Помня об этой истории, которой пронизана атмосфера в этом древнем месте, я, наверно, не должен был удивляться тому, что именно здесь и меня настигнет встреча, которая круто изменит всю мою жизнь. В один прекрасный день мы с моим другом Джамалем гуляли около Дамасских ворот. Вдруг я услышал обращенный ко мне голос.
— Как тебя зовут? — мужчина на вид лет тридцати спросил меня по-арабски, хотя было понятно, что он не араб.
— Мосаб.
— Куда ты идешь, Мосаб?
— Возвращаюсь домой. Мы из Рамаллы.
— А я из Великобритании, — сказал человек, переходя на английский.
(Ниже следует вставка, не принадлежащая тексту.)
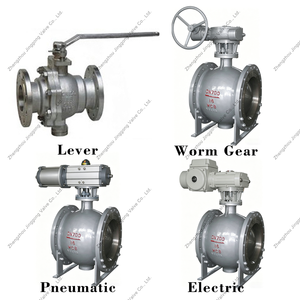 Vanne à bille à grand diamètre montée sur trunnion avec actionneur hydraulique - Product Image 2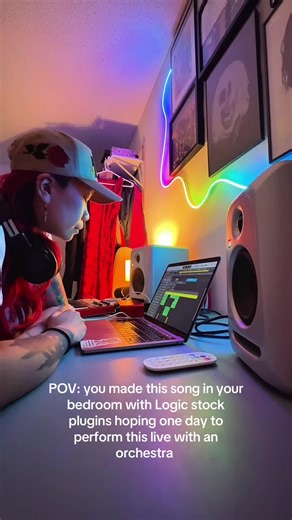 I have no formal music background, I’m leading with my ears and my heart 😩 #originalsong #newmusic #newartistontiktok #bedroomartist #singersongwriter #orchestra #logic #logicprox #wlw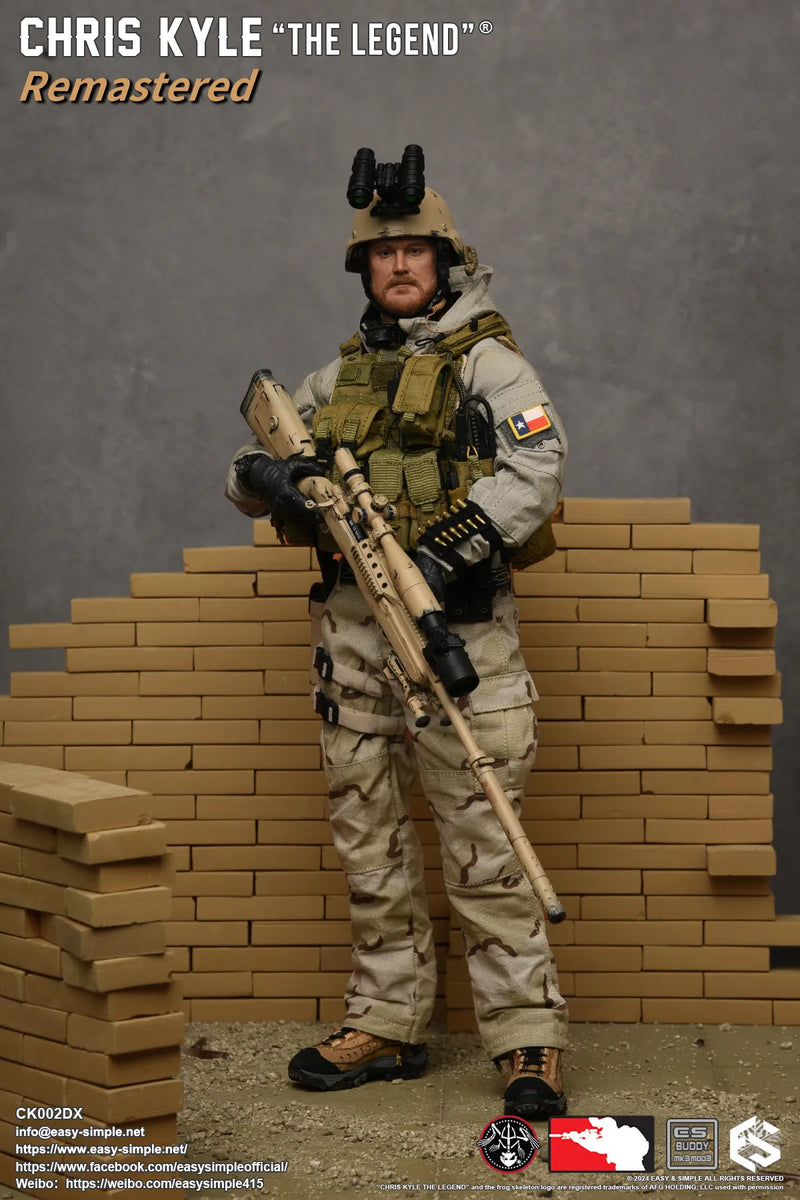 Load image into Gallery viewer, Chris Kyle &quot;The Legend&quot;® RMST DLX, Weapon Set &amp; Custom Headsculpt COMBO - MINT IN BOX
Он еще говорил что-то, но его акцент был так силен, что я с трудом разбирал слова. После тщетных усилий я наконец понял: он рассказывал что-то о христианстве группе студентов Ассоциации молодых христиан, которая собиралась у отеля «Король Давид» в Западном Иерусалиме.
Я знал это место. Делать все равно было нечего, и я решил, что было бы интересно узнать что-нибудь о христианстве. Если я столь многому научился у израильтян, то, возможно, другие «неверные» тоже могут меня научить чему-то полезному. Кроме того, проведя немало времени в обществе мусульман, фанатиков и атеистов, образованных и невежественных, правых и левых, евреев и язычников, я стал не таким разборчивым. К тому же незнакомец показался мне приятным человеком, приглашавшим меня просто прийти и поговорить.
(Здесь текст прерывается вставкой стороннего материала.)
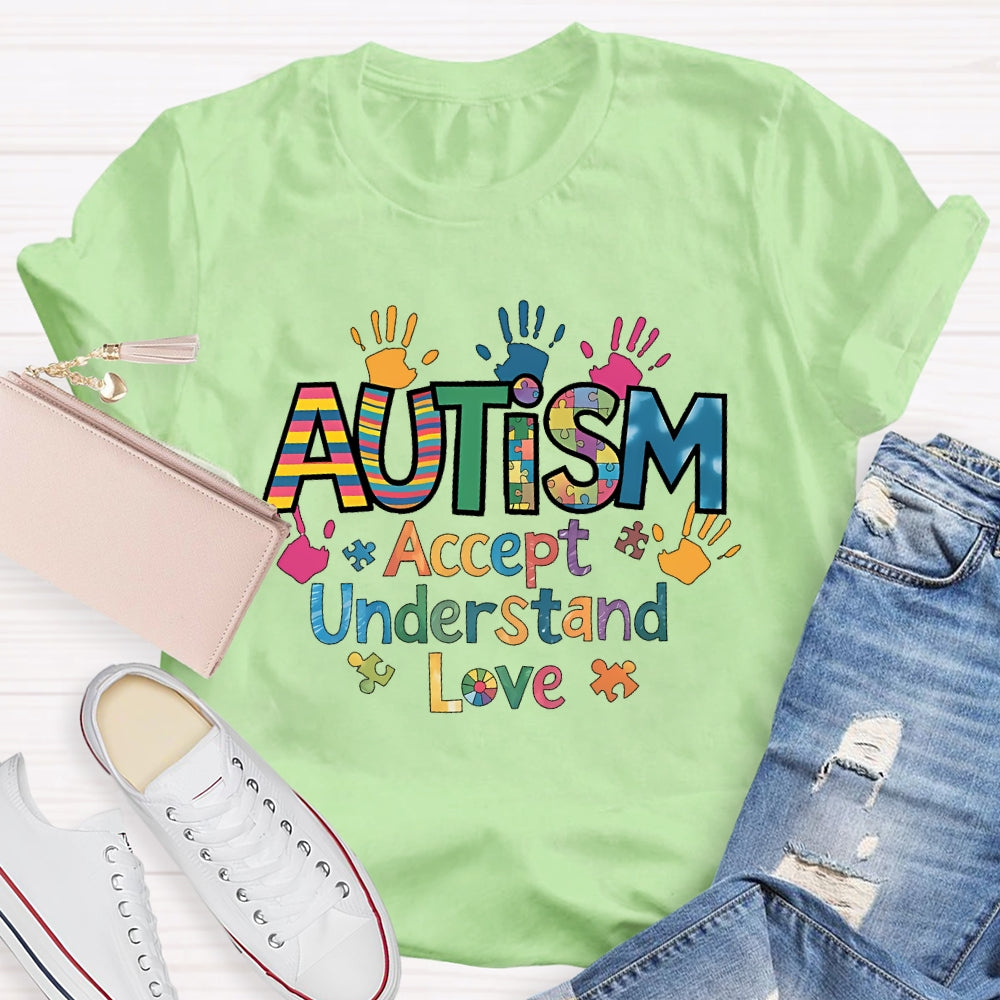 Accept Understand Love Autism Awareness T-shirt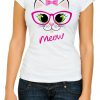 Meow Cute sweet Cat Cool funny T-Shirt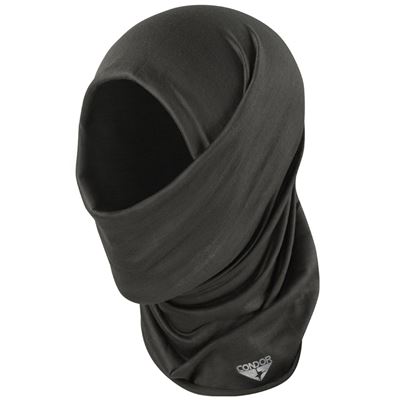 Szal MULTI-WRAP wielofunkcyjny CZARNY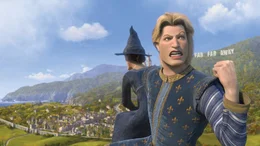 W&auml;hrend Shreks Abwesenheit geht es am K&ouml;nigshofe drunter und dr&uuml;ber: Prinz Charming versucht mal wieder mit List und T&uuml;cke, den Thron an sich zu rei&szlig;en ...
— Что ты думаешь? — спросил я Джамаля. — Может, сходим?
Мы с Джамалем знали друг друга с детства. Мы вместе ходили в школу, вместе бросали камни и вместе молились в мечети. Ростом почти метр девяносто и широкий в плечах, Джамаль никогда не отличался многословием. Он редко сам начинал беседу, но как никто умел слушать. И никогда не спорил.